**Your task:** Omit images. Retype all entries verbatim.

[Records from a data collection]
- - - - - - -

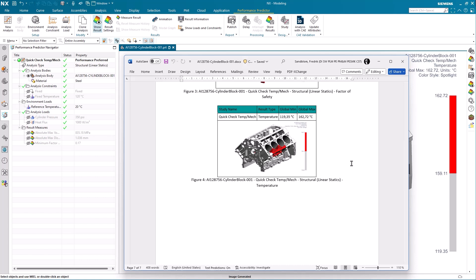This concludes this tips and tricks session on the performance predictor tool and I would like to humbly thank you for your time and attention. Thank you.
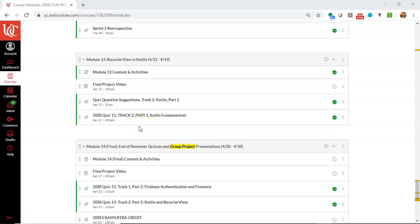In this video, I'm going to show how to do Adaptive Release in Canvas. Adaptive Release is where you open up one module when another module is complete.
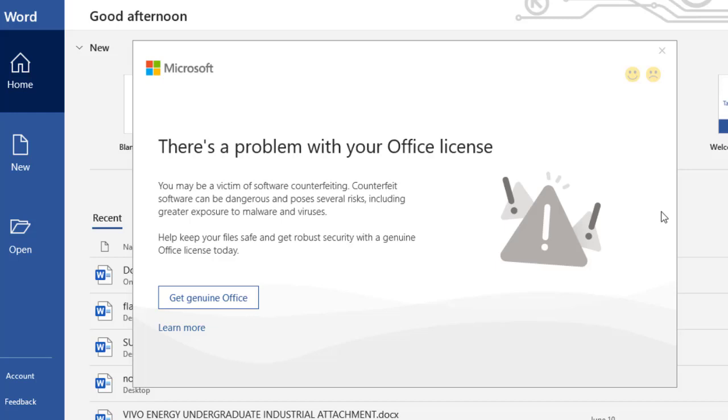What's up guys, today I'm going to show you how to overcome a Microsoft Office problem that says you may be a victim of software counterfeiting. Okay, this problem has been recently seen in most of the Office products.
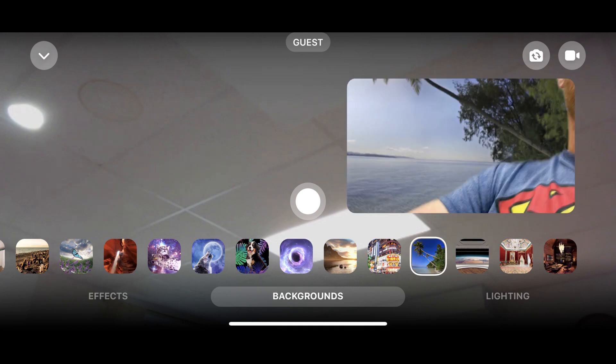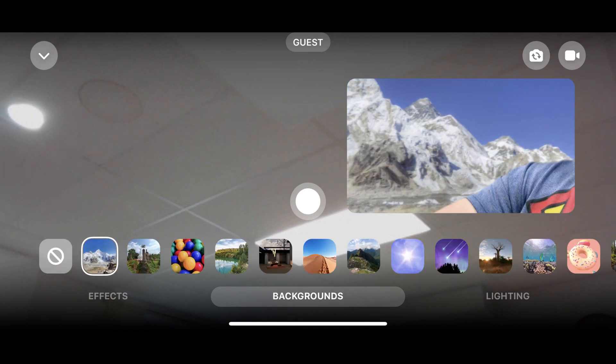Virtual backgrounds available for your Facebook Messenger room video include a starry sky, space, the beach, mountains, and more. You can return to your normal background at any time by tapping the icon in the row featuring a circle with a line through it.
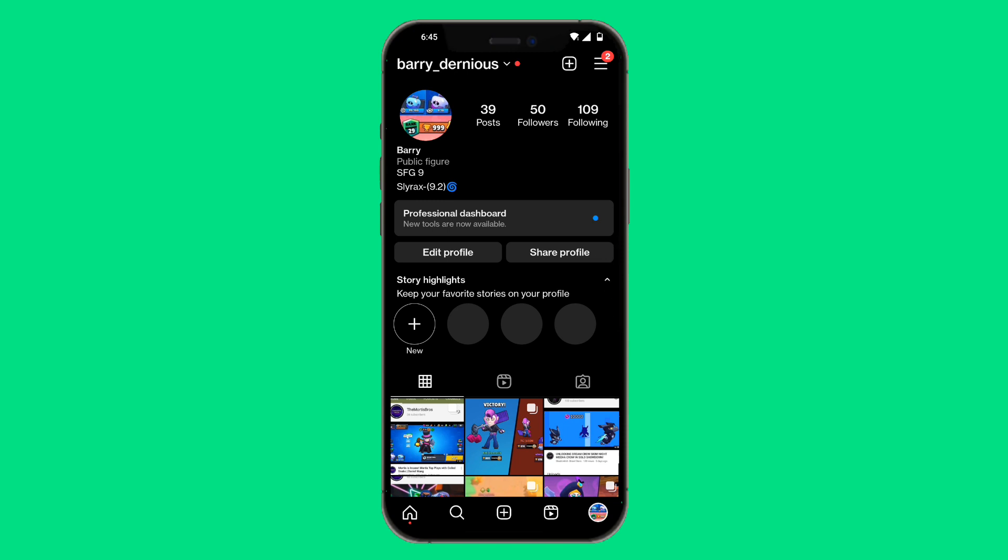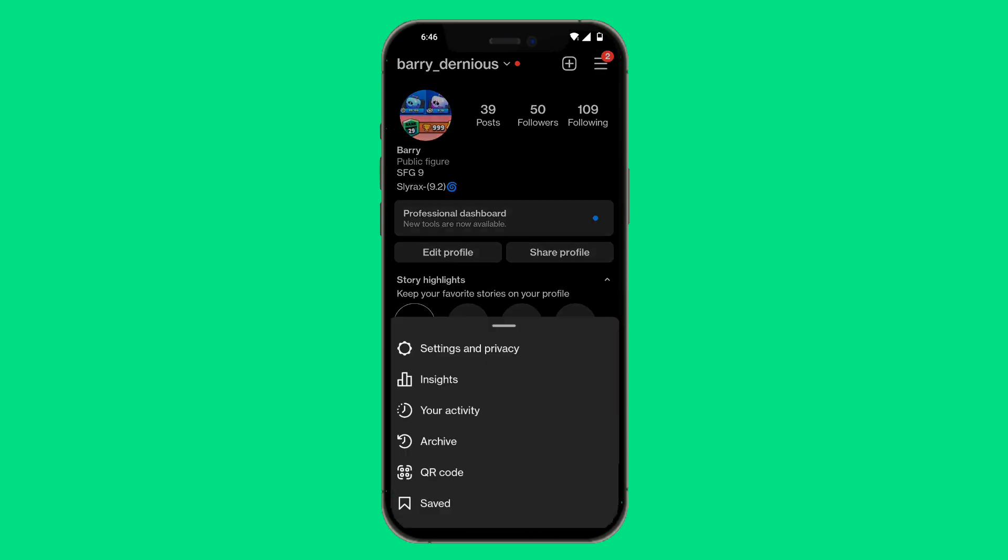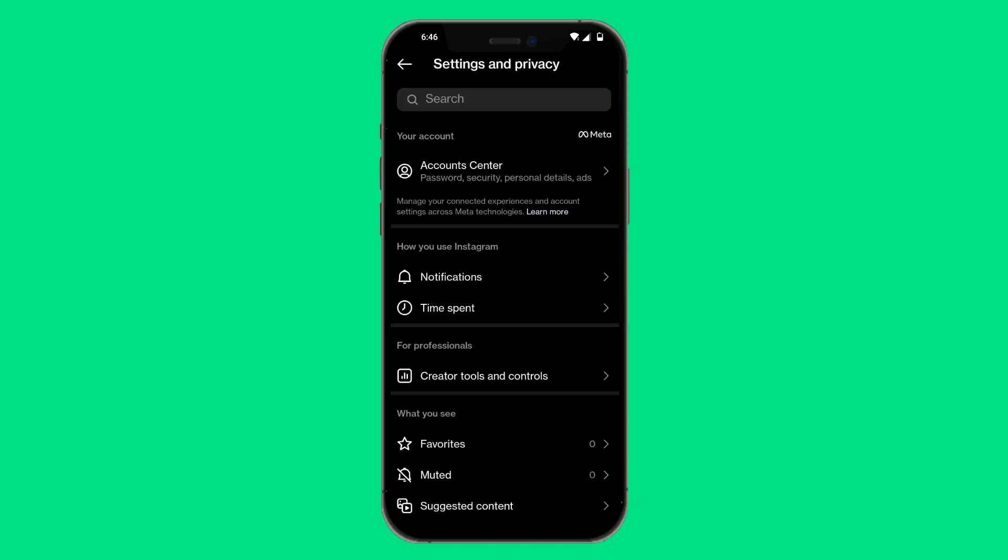However, if that does not work, go over to your profile page, click on the three bars on the right hand side, and then click on settings and privacy.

- - - - - - -

**Answer to the problem:**
This concludes this tips and tricks session on the performance predictor tool and I would like to humbly thank you for your time and attention. Thank you.
In this video, I'm going to show how to do Adaptive Release in Canvas. Adaptive Release is where you open up one module when another module is complete.
What's up guys, today I'm going to show you how to overcome a Microsoft Office problem that says you may be a victim of software counterfeiting. Okay, this problem has been recently seen in most of the Office products.
Virtual backgrounds available for your Facebook Messenger room video include a starry sky, space, the beach, mountains, and more. You can return to your normal background at any time by tapping the icon in the row featuring a circle with a line through it.
However, if that does not work, go over to your profile page, click on the three bars on the right hand side, and then click on settings and privacy.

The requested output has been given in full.